I’m new to SimpleFOC, but I’ve got an ESP32 controlling a 2204 motor with an AS5048A SPI encoder through a SimpleFOCMini working. It does the usual torque, velocity and angle modes fine, but I think I’m looking to do something different as well.
I’d like to give the motor some “weight”. So it would resist being turned, but once turned it would stay there. I believe that means that it would apply a constant current at the angle that it is currently positioned at instead of at the usual 90 degree electrical offset.
My current thinking is that none of the control modes will work for me as they only apply voltage when necessary to move the motor. Instead, I’ll have to apply the voltage at the right electrical angle manually using (or changing) the setPhaseVoltage(float Uq, float Ud, float angle_el) function?
Does anyone know if this has been done before or have any suggestions on how to go about it?
If you have closed loop control working, you could try velocity mode with a target velocity of 0. Then adjust the voltage limit or current limit (depending on what you’re using) to vary the resistance. The velocity pid variables may also give you options to simulate things like viscous damping when you turn the motor
I can try that, but I don’t think it will have a nice constant drag but will instead depend on the change of speed after the motor has been moved a bit. Also, I am hoping to eliminate the cogging effect of when the motor is turned when no current is being applied to the windings.
There is a reference to this in Karl_Makes_Music’s post in regards to his version of the SmartKnob:
I’m not fully understanding what control you are after.
Are you looking to have rotor point at target (eg 0) and the further away from target you are (either CCW or CW) the greather resistance and then go back to initial positon?
Or do you intend just to introduce a viscose friction effect?
Viscous friction is a new term for me and it does sound like what I am after. But also I am hoping so that when I let go of the motor it stays exactly where I left it. Where now it seems it will sometimes do a little shaft angle shift when I let go depending on where I leave it in between the cogging of the motor. I figure if I have a little current keeping it at that angle, the little angle shift will disappear.
Though in the end, introducing some friction into the mechanics might get rid of that little shift and save on power.
You want to take inverse approach. Not current holding it in position, but current preventing going out of position. If you’re in position no torque/current is applied but if you go out of current position the reverse torque should be applied. Then maybe to avoid cogging you might want to say that if speed is less than X velocity do not update the target.
Alternatively maybe youd want to define 360 or 255 virtual points across the dial and have system that snaps to them. Then raise up Derivative gain and lower output ramp to virtually introduce some friction. but the distance between points should be quite low as P + D gain amplifies nosie from the sensor significantly.
The trouble is I am essentially just using the motor as an encoder knob in this mode. I want the full sensitivity of the encoder (one turn of the little 2204 motor equates to about 10-20 turns of a bigger motor driving a gantry, so those little shifts are noticeable when you let go.) Introducing virtual points will decrease the resolution of the encoder. Using all the other control modes depend on an error in the setpoint (which needs to be able to change). I want to proactively just keep it where it is, like a heavy sensitive control knob on an encoder.
Though the more I think about it, you are right about it being the inverse approach. And with the angle setpoint just floating around at the current angle, the cogging could still happen. Actual friction might still be the best bet for removing the cogging, with viscous friction for the heavy feel.
I’d still like to try inducing some current at the current shaft angle though to see what the motor feels like to turn. I take it you didn’t end up doing that in your smart knob?
Ok so why not to have fine clicks at 1 degree to control gantry.
So let say your gantry resolution is 0.01mm in Y axis, you could have very very fine clicky control.
Each click equals 0.01mm, but you could change the output ratio to move by 10x 100x 1000x fold.
Wouldn’t that be better approach?
Forget what you are thinking about electrical angle, it is not relevant to the physical angle.
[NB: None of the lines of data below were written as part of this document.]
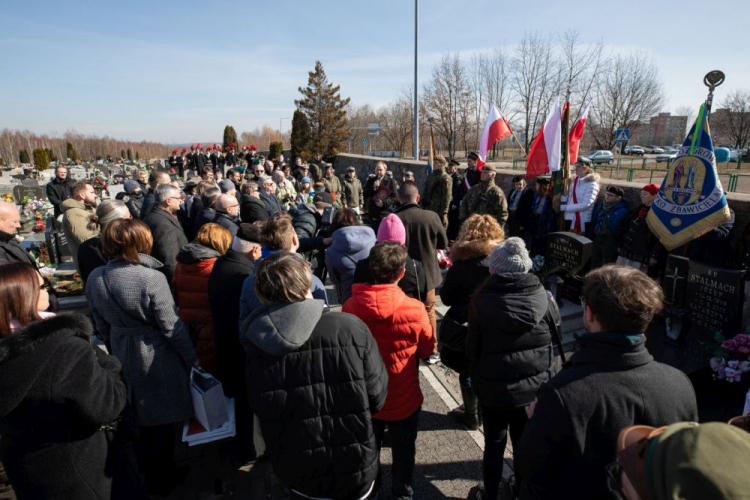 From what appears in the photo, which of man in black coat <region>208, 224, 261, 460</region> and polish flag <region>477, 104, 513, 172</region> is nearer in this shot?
man in black coat <region>208, 224, 261, 460</region>

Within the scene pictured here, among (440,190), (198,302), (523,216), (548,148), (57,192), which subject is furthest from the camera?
(57,192)

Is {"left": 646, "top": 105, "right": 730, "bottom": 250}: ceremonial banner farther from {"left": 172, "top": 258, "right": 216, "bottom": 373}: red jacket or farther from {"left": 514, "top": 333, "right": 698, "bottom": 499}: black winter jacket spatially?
{"left": 172, "top": 258, "right": 216, "bottom": 373}: red jacket

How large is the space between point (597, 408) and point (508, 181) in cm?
754

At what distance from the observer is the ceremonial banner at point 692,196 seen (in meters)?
4.28

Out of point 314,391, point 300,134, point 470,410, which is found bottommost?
point 470,410

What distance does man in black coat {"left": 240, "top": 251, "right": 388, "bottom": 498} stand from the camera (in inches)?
75.2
This graph might help you conceptualize how it can work. What you want to do is similar to this, except rather than the shallow slope (spring-like) like this, you want it to be very steep (kind of like a step function, but you still need a bit of hysteresis), so that even small angle error will produce a large, flat (e.g. viscose, friction like) torque response. You could write some code to handle that when the angle starts to recover position (e.g. the knob is let go) then you set that as the center /stable point. I think for your case you don’t need to consider any attractor angle since it’s all continuous in your use case.
As far as cogging goes, you are at the mercy of your motor. For buying low cogging motors, see the ones used in the smartknob project, these seem to be the best on market for now.
Ok, yes that helps. And I do like the idea that I could set the center point dynamically. So maybe monitor that the angle has past the hysteresis point and that the velocity is close enough to zero again to set a new center point. That way I can use the whole encoder address space and not have to divide it into even fine clicks. At slow speeds I will still get clicks, but should stick better where it is left.